■ EXERCISE DIRECTIONS ■
What you return should be only the lines in the entries below between the one holding "Chronic reactive multifocal" and the one holding "Before & After Rhinoplasty", ends included, with every picture left out.

■ DATA ■

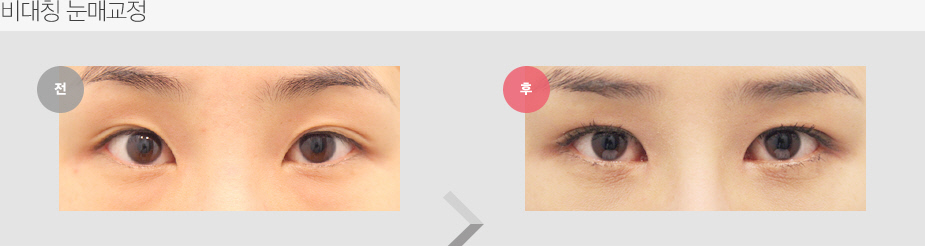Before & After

--

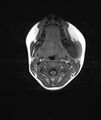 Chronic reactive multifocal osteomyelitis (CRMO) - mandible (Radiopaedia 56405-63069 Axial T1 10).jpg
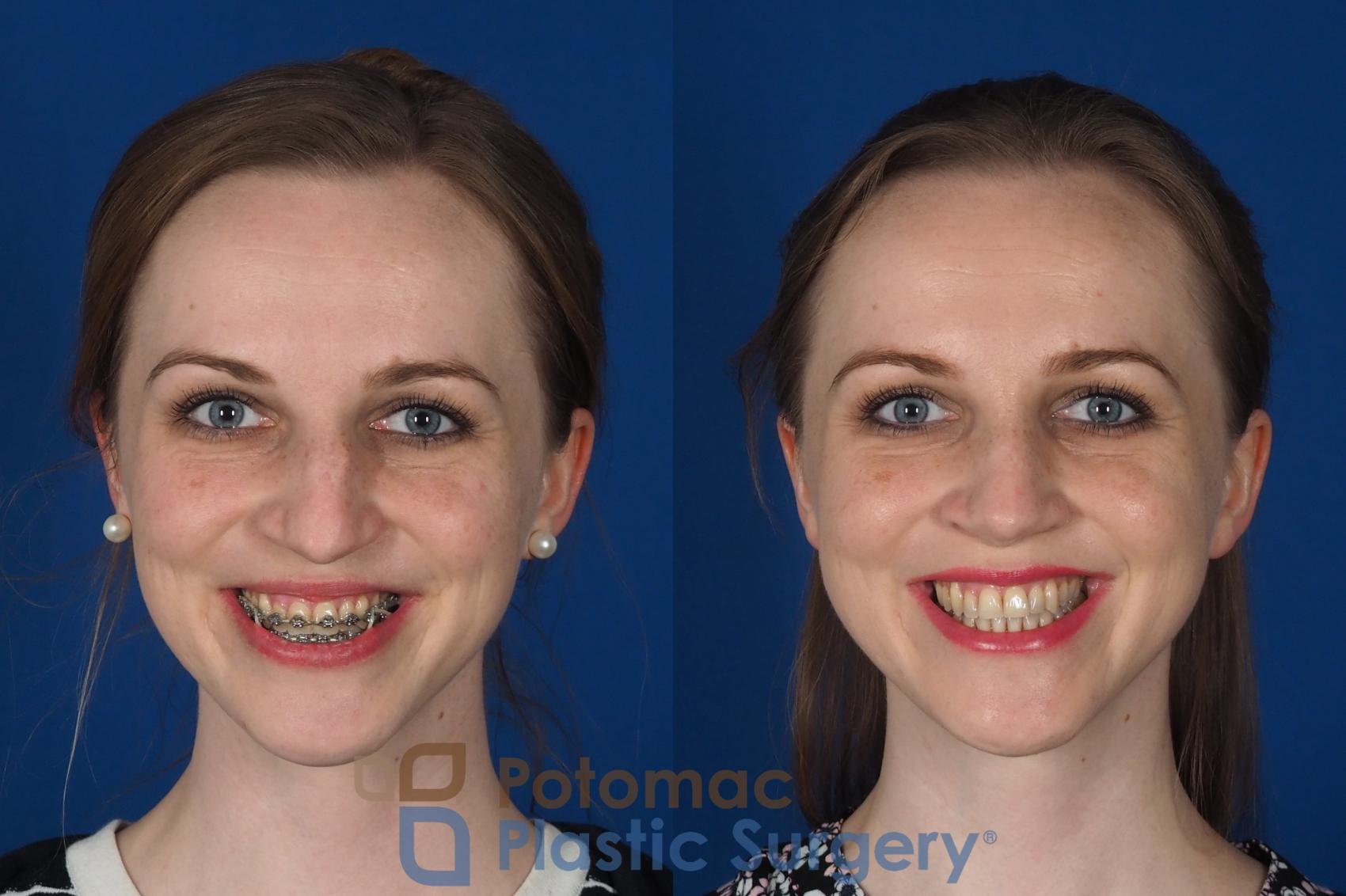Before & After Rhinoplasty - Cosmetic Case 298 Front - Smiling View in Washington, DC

==

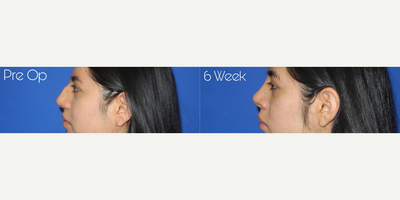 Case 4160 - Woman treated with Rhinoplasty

■ THE COMPLETED TASK ■
 Chronic reactive multifocal osteomyelitis (CRMO) - mandible (Radiopaedia 56405-63069 Axial T1 10).jpg
Before & After Rhinoplasty - Cosmetic Case 298 Front - Smiling View in Washington, DC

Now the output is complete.